But perhaps the most exciting thing in cold these days is what it can do for quantum computers, which dwarf the power of current supercomputers by using atomic particles to do computation instead of digital ones and zeroes.
Those quantum bits are very sensitive, though, any little thing can throw them off.
“You have to isolate the physical quantum system from the universe,” Ramos said. “And one way to do that is using cryogenics, basically ultra-low-temperature physics techniques.”
How cold is he going these days?
“So right now, in my lab, we have a small cryocooler that when we plug it in the electrical outlet, it can go to about 2 degrees kelvin in about 1 ½ hours,” he said. “So at that, we’re actually colder than outer space, and we can do that in about an hour and a half.”
The only warmth in deep, empty space, Ramos said, comes from background cosmic radiation left over from the big bang. His lab can get down to 0.3 kelvin, but it isn’t even the coldest.
Other labs go way lower.
“Sometimes, it’s a bit mind-boggling,” said Pertti Hakonen of the Low Temperature Lab at Aalto University in Helsinki. “You start thinking that maybe there are some other intelligent beings and they have produced even lower temperatures perhaps.”
In 1999, his lab set the cold world record — possibly actually the cold known-universe record.
“The smallest temperature that we have reached is around 100 picokelvin, and that’s one-tenth of a billion of degree above absolute zero,” he said. “That’s like point one and then nine zeros.”
The process starts with liquid helium to get down to a few kelvin, and then it gets pretty complicated. Basically, the researchers apply and then remove powerful magnetic fields, which causes a temperature drop in certain materials. In this case, some bits of the metal rhodium.
“It’s not very small,” Hakonen said. “I mean, it’s two grams of metal.”
It took decades of work to get those two grams of metal that cold, and years to even measure it after it was achieved. And there are other labs always striving to go colder, to add another zero after the decimal point.
But it’s not as if scientists are out there freezing things just for the sake of an announcing an impressively small number.
“You always want to have some kind of physical question that you want to test in the experiments, and the record temperatures, they are then byproducts of the research,” Hakonen said.

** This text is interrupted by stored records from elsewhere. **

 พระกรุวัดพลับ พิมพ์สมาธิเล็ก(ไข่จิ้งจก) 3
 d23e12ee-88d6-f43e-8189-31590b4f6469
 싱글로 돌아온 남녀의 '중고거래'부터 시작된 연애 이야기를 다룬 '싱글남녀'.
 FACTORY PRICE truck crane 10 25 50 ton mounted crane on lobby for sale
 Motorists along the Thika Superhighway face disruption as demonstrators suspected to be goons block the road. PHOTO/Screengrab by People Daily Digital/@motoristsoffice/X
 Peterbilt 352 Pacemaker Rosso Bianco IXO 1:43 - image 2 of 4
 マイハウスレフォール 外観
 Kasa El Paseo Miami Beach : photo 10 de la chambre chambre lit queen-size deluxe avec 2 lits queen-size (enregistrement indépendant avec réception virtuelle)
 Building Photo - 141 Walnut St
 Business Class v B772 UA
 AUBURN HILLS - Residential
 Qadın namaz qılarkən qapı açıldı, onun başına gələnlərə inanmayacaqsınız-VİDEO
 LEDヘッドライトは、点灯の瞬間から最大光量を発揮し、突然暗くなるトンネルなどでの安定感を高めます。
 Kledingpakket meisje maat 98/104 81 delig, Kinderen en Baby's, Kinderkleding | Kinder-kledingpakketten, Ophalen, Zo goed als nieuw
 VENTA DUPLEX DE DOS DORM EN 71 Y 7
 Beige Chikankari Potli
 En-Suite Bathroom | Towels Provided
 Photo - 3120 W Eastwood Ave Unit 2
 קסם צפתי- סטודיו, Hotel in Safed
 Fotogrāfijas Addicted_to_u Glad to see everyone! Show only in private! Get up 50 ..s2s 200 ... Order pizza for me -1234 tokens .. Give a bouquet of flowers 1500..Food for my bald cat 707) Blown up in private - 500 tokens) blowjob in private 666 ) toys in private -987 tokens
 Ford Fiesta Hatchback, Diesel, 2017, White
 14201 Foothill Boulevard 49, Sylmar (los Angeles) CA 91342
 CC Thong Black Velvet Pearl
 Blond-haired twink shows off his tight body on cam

When things get very cold at the subatomic level, he said, a kind of mask falls away.
“If you do research at room temperature, then many things are masked by the thermal motion of atoms,” he said. “But when you go to lower temperatures, then you get rid of this, and you can really study the basic properties of material.”
The more scientists learn about cold, the lower they can go, and the more they can uncover about the fundamental nature of everything. It’s pretty cool.